Der Kriegsheimkehrer

Beschreibung

Es geht in der Geschichte um einen Soldaten, der aus der Kriegsgefangenschafft nach Hause kommt und sich auf die Suche nach Frau und Kind macht, da diese nicht mehr dort leben.

Der Kriegsheimkehrer

Der Zug fährt durch eine einsame Gegend, als die Sonne langsam aufgeht. In einem der vielen Abteile des Zuges sitzt ein Mann, dem man an seiner Uniform ansieht, auch wenn sie sehr zerschlissen ist, dass er ein Soldat war. Es ist Georg Heinemann, der wie alle anderen Mitreisenden des Zuges direkt aus einem russischen Kriegsgefangenenlager kommt.
Seit er im März 1945 in Kriegsgefangenschaft geraten war, hat Georg viel Schreckliches in dem Gefangenenlager erlebt. Viele seiner ehemaligen Kameraden, die sein Schicksal teilten, habe das Lager nicht überlebt. Sie starben an Erschöpfung, Unterernährung und Krankheiten, oder gaben sich einfach selber auf.
Ihn selbst hat nur der Gedanke an seine Frau und seinen Sohn, den er noch nie gesehen hat, am Leben erhalten. Bei Kriegsende ist sein Sohn etwas über zwei Jahr alt gewesen und seit der Gefangennahme hat Georg nichts mehr von seiner Familie gehört.
Als Georg wieder aus dem Fenster sieht, erkennt er dass sich die Landschaft verändert hat. Der Zug fährt nun langsamer und links und rechts sieht man Häuser. Bald müssen sie Fulda, das Ziel ihrer Reise, erreicht haben.
Seine Kameraden sind mittlererweile Wach geworden, und fragen sich, wie der Empfang wohl sein wird. Einer seiner Kameraden fragt Georg, „Glaubst du, dass deine Frau durch das Rote Kreuz informiert wurde? Es wurde ja Listen mit unseren Namen ausgegeben.“. „Ich glaube nicht dass sie da ist. Sie hat auf keinen meiner Briefe geantwortet und ich habe keine Ahnung ob sie überhaupt noch lebt“, erwidert Georg.
Der Zug rollt langsam in den Bahnhof ein und man erkennt auf dem Bahnsteig eine größere Menschenmenge.

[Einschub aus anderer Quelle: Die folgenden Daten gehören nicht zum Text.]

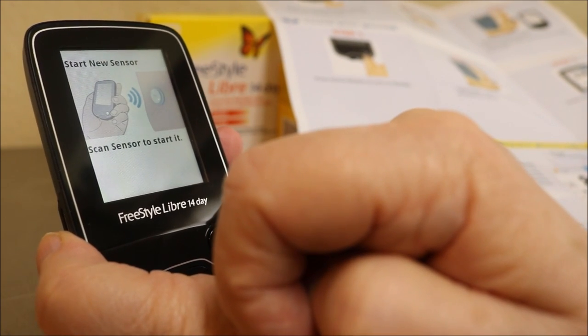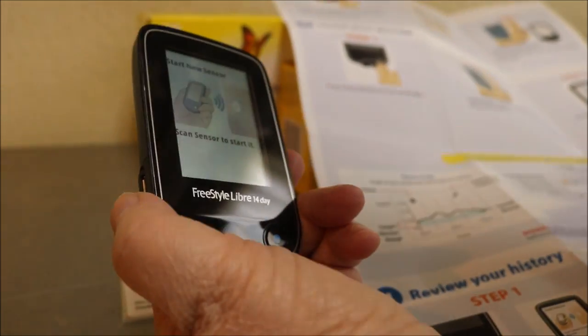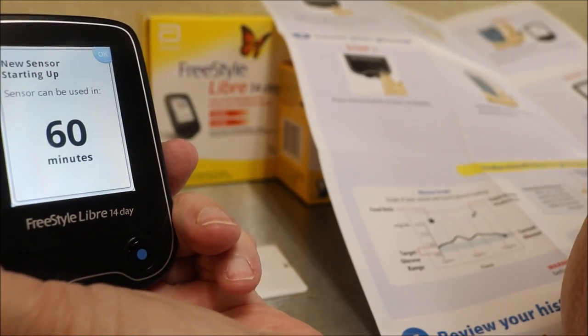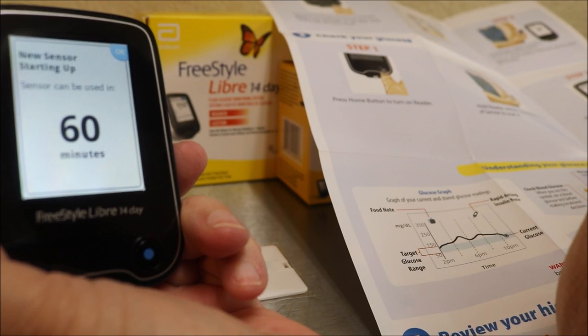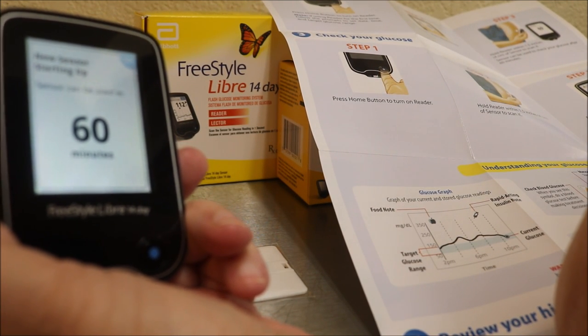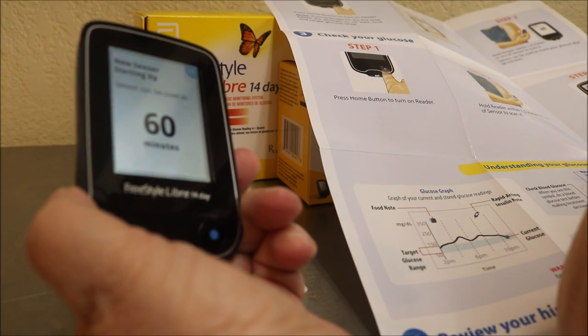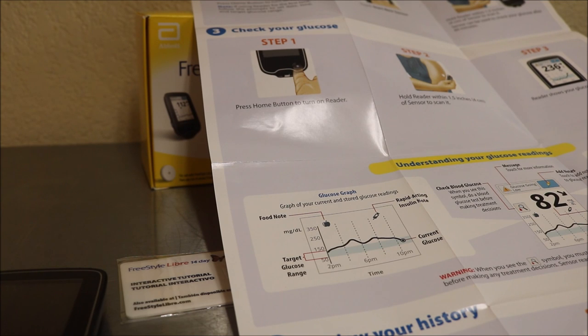Scan the sensor to start it. Now when 60 minutes is up I can start doing my blood sugars. Isn't this exciting? Hungry will be impressed — I didn't have to call him at work 75 times to help me.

Als der Zug zum Stillstand kommt, strömen die ehemaligen Soldaten aus den Abteilen hinaus auf den Bahnsteig um ihre Angehörigen zu suchen.
Nach der Verabschiedung von seinen Kameraden wartet Georg noch ein wenig, bis sich der schlimmste Begrüßungstrubel gelegt hat. Vorsichtig steigt er aus dem Zug. Er muss dabei auf seine rechtes Bein aufpassen, das ihm ein Aufseher im Kriegsgefangenenlager zerschmettert hatte. Die ärztliche Versorgung war so schlecht, dass das Bein nur schlecht heilte und er für den Rest seines Lebens mit dieser Behinderung leben muss.
Nach dem er den Bahnhof verlassen hat, sieht er sich auf dem Vorplatz um. Schon im Bahnhof waren ihm die schweren Zerstörungen aufgefallen, aber hier draußen sieht es noch viel schlimmer aus. Die meisten Trümmer sind schon weggeräumt worden, aber viele der Häuser sehen noch immer so aus wie nach dem letzten Bombenangriff.
Da weit und breit ist keine Mitfahrgelegenheit zu sehen ist, muss er sich mit seinem kaputten Bein zu Fuß auf den weiten Weg zu seiner Wohnung machen.
Er nimmt seinen Leinenbeutel mit den wenigen Habseligkeiten die er besitzt und marschiert los. Je weiter er sich vom Zentrum und den Hauptstraßen entfernt, desto mehr Trümmer liegen noch auf den Straßen herum und er sieht auch die vielen Frauen die damit beschäftigt sind diese wegzuräumen.
Sein kaputtes Bein zwingt ihn dazu immer öfters Pausen einzulegen. Die Essensrationen aus seinem Beutel sind schon lange aufgebraucht und er hat Hunger. Manchmal gibt eine der Frauen Georg etwas zu trinken und ein anderes Mal gibt ihm eine Frau sogar was von ihrem Brot, obwohl sie so aussieht, als das sie es selber gebrauchen könnte.
Endlich erreicht Georg die Straße, wo er mit seiner Frau zuletzt gewohnt hat. Als er an die Stelle kommt wo das Haus stehen müsste, ist er schockiert. Das Haus ist nur noch ein riesiger Trümmerberg. Die Nachbarhäuser sind zum Teil auch stark beschädigt, können aber wenigstens noch zum Teil bewohnt werden.
„Bombenvolltreffer“, spricht ihn jemand an, „Es war eines der letzten Häuser die bei dem Angriff getroffen wurden“. Langsam dreht Georg sich um.
„Hallo Georg“, sagt der andere zu ihm und Georg erkennt seinen alten Freund, der im Kriege schwer verwundet wurde und ein Bein verloren hatte. „Hallo Walter“, erwidert Georg und beide umarmten sich.
Nach der Begrüßung fragt Georg, „Weißt du was mit Anna und Hermann ist“. „Ich habe sie nur ganz kurz nach dem Bombenangriff gesehen. Sie hatten glück das sie nicht im Hause waren als es passierte.“, bekam er von Walter zur hören, „Anna sagte zu mir, dass sie aufs Land raus will. Mehr weiß ich nicht“. „Hat sie keine Nachricht für mich hinterlassen?“, hakt Georg nach. „Nein, du giltst doch als vermisst und die Nachricht darüber, war für uns alle ein Schock. Anna war völlig fertig und ohne Hermann weiß ich nicht was sie getan hätte. Aber nun lass uns mal zu mir gehen, es wird bald dunkel und heute hast du keine Möglichkeit mehr nach ihr zu suchen“.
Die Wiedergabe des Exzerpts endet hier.